# Movements wanted.



## Roger the Dodger (Oct 5, 2009)

I'm looking to start actually servicing some of my own watches, but I need a couple of movements...an auto and a manual wind to practice stripping and reassembly. I've looked on ebay..and even on there they want silly prices for non working movements. I've already been down the pocket watch route and worked on the bigger movements...now its time to go smaller.

If anybody has got a couple of old movements I could use for practicefor a reasonable price, please let me know. Thanks, Rog.

Edit: 'Scrappers' are fine.


----------



## gimli (Mar 24, 2016)

My best advice is to actually just buy cheap watches that function but aren't very sought after (and perhaps don't look mint). Either russian or german, though you should find cheap swiss no-names as well.

I have to admit that I don't get to see many cheap ones on ebay. Here in eastern europe there are loads of them...

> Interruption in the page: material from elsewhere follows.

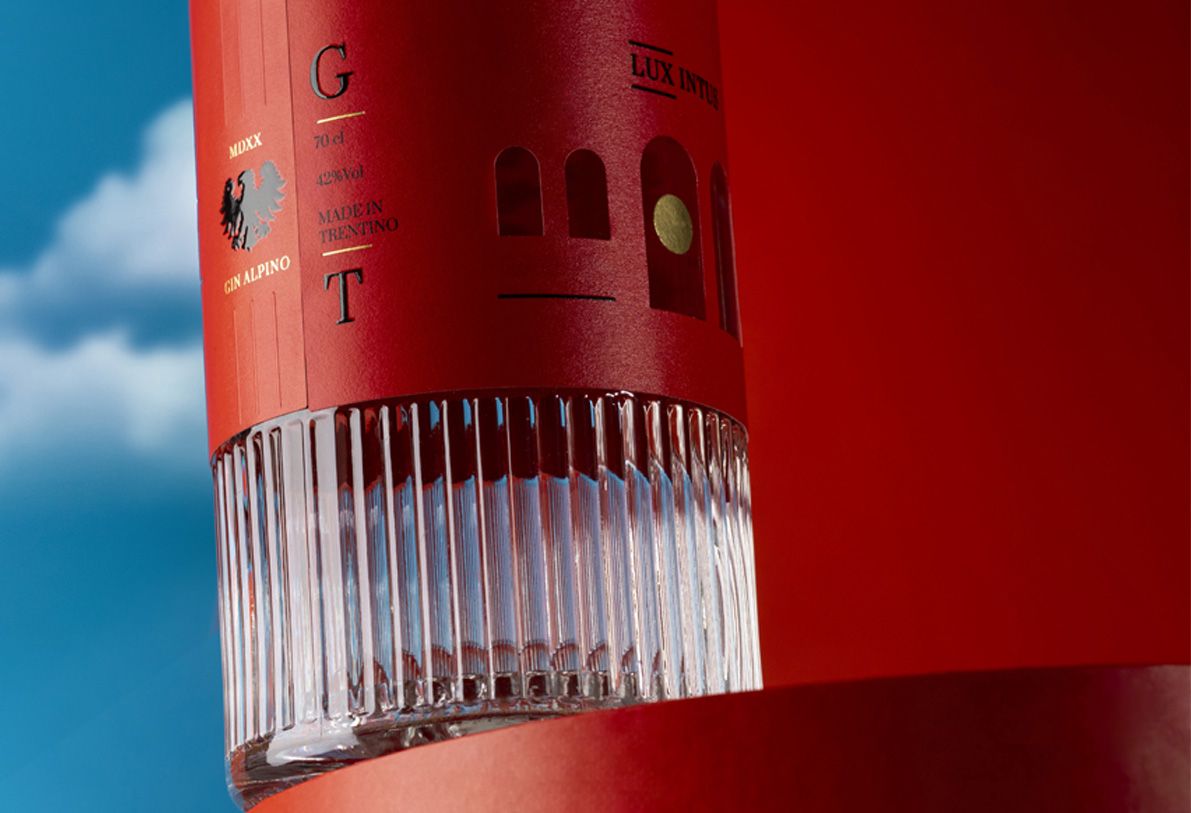 Belleville Ribs glass bottle for spirits by Berlin Packaging customized by Killer Idea, detail of textured glass base and red wrap label with cut-out elements, emphasizing material contrast and craftsmanship in the Ginnasium project.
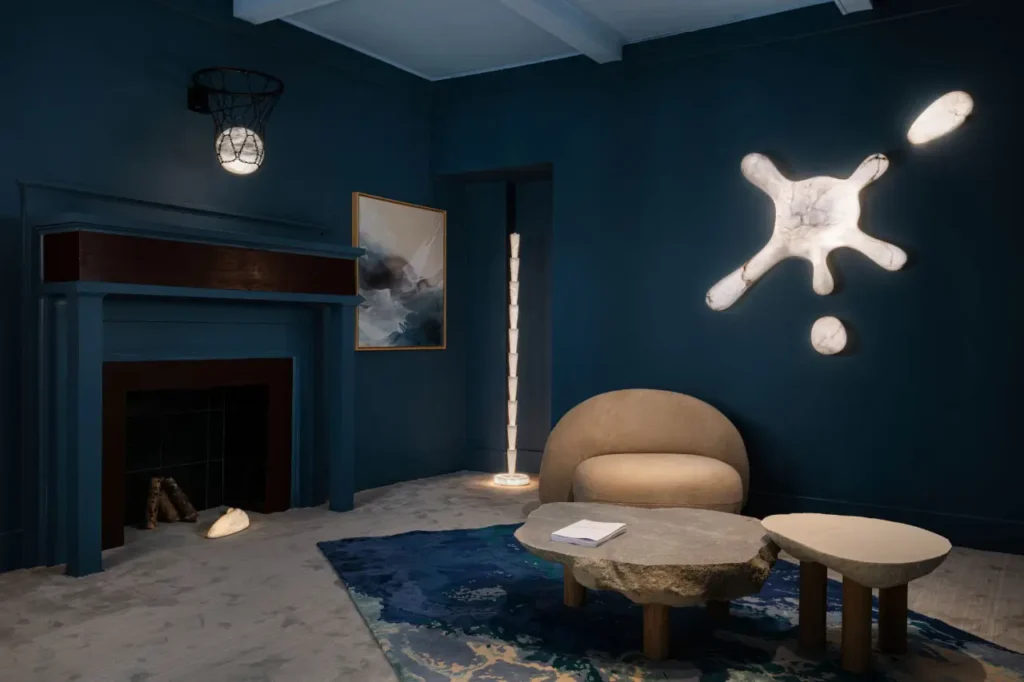 Stylish, moody living room with deep blue walls, featuring a sculptural wall light resembling an abstract splash, a rounded upholstered lounge chair, and organic stone tables set on a textured rug. A modern floor lamp and framed artwork complement the space, while a minimalist fireplace and soft ambient lighting create a refined, gallery-like interior atmosphere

You should be able to find plenty of cheap stuff at flea markets right ?


----------



## SBryantgb (Jul 2, 2015)

Roger the Dodger said:


> I'm looking to start actually servicing some of my own watches, but I need a couple of movements...an auto and a manual wind to practice stripping and reassembly. I've looked on ebay..and even on there they want silly prices for non working movements. I've already been down the pocket watch route and worked on the bigger movements...now its time to go smaller.
> 
> If anybody has got a couple of old movements I could use for practicefor a reasonable price, please let me know. Thanks, Rog.


 I've got a couple of Goer autos you are more than welcome to. They were offered up in the pay it Forward thread (which kind of died :sadwalk: )


----------



## Foxdog (Apr 13, 2011)

AHHHHH! watch movements, thank god for that. :blush:


----------



## Roger the Dodger (Oct 5, 2009)

Foxdog said:


> AHHHHH! watch movements, thank god for that. :rofl:


 Yeah....should've thought of that! :laugh:


----------



## Foxdog (Apr 13, 2011)

Trouble is Rog' I've already packaged up a movement was going to send FOC! now not sure what to do with it !!!


----------



## Roy (Feb 23, 2003)

I'm sure I can find you some Roger  Please PM me.


----------



## pauluspaolo (Feb 24, 2003)

I've still got a Unitas movement available for £10 posted:

http://www.thewatchforum.co.uk/index.php?/topic/100271-for-sale-bits-bobs-strapdialsmovement/


----------



## Roy (Feb 23, 2003)

There's something in the post on its way to you Roger :thumbsup:


----------



## YouCantHaveTooManyWatches (Nov 28, 2010)

Hi Rog

i have a couple of watches that almost work ok and therefore probably just need a good service. Cheap ohe's so I was on the verge of scrapping them.

If you want them I can drop them off next time I'm driving past the end of your street?


----------